ABOUT THIS TASK: Exact copy, no pictures: set down the lines from the one holding "гидра Богородск" through the final line of the records below.

AVAILABLE DATA:
----

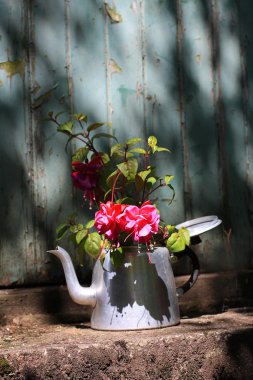 Beautiful fuchsia in an old teapot clipart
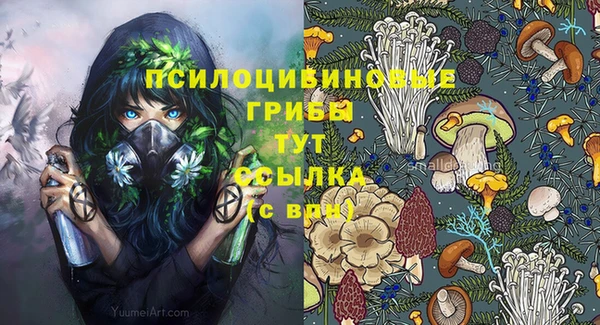 гидра Богородск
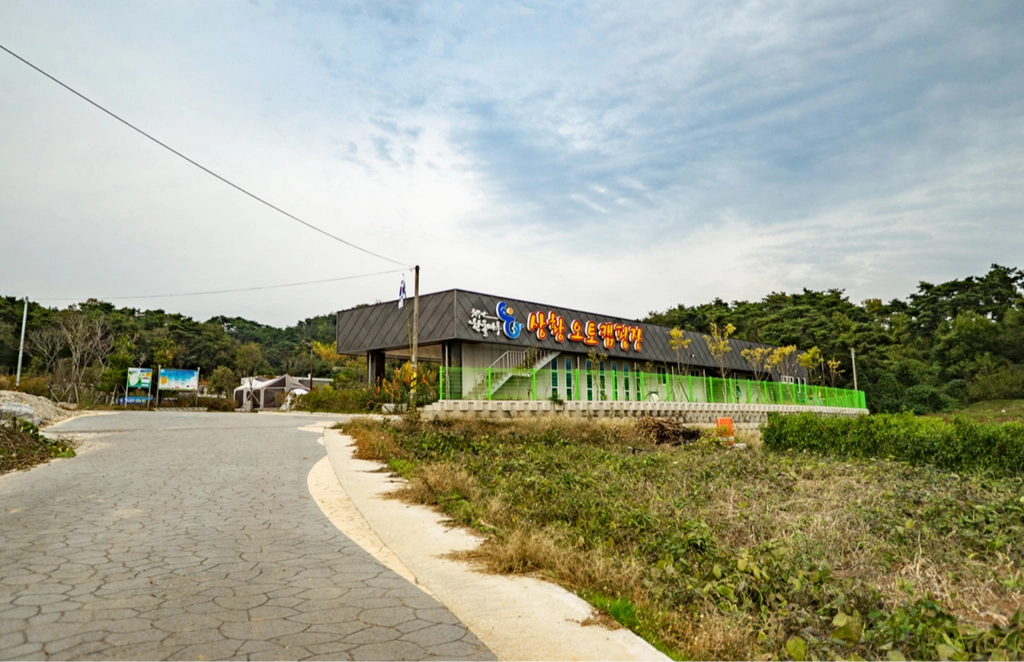 이미지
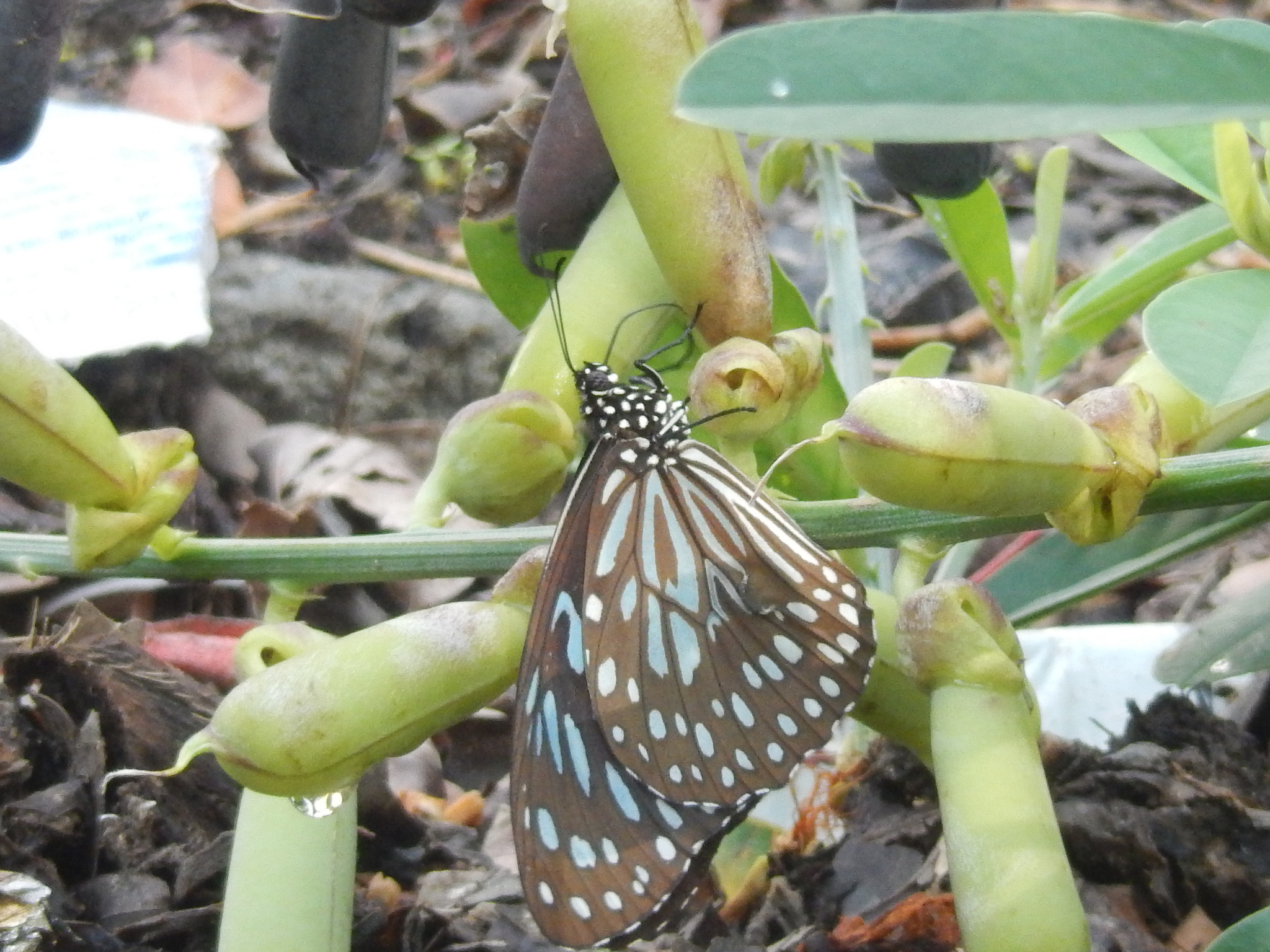 Dark Blue Tiger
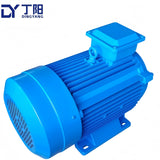 Custom 55kw 2-Pole Three-Phase Induction Motor, Robust, Cost-Effective, and Durable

----

ANSWER FOR THIS EXERCISE:
 гидра Богородск
 이미지
 Dark Blue Tiger
 Custom 55kw 2-Pole Three-Phase Induction Motor, Robust, Cost-Effective, and Durable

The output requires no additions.